# Work task
Write out, as an exact transcription, the line that has "Pre Owned Dolce" and each line after it through the end of the data below.

☆ ☆ ☆ ☆

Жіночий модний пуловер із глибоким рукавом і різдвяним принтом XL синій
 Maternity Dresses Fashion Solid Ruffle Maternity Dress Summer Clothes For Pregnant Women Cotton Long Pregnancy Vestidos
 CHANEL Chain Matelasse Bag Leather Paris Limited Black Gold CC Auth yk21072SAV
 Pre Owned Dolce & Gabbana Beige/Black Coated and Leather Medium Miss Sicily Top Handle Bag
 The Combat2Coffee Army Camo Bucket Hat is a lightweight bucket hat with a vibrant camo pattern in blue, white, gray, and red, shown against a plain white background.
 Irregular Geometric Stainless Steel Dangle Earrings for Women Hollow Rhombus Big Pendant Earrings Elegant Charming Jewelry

☆ ☆ ☆ ☆

# Answer to this exercise
 Pre Owned Dolce & Gabbana Beige/Black Coated and Leather Medium Miss Sicily Top Handle Bag
 The Combat2Coffee Army Camo Bucket Hat is a lightweight bucket hat with a vibrant camo pattern in blue, white, gray, and red, shown against a plain white background.
 Irregular Geometric Stainless Steel Dangle Earrings for Women Hollow Rhombus Big Pendant Earrings Elegant Charming Jewelry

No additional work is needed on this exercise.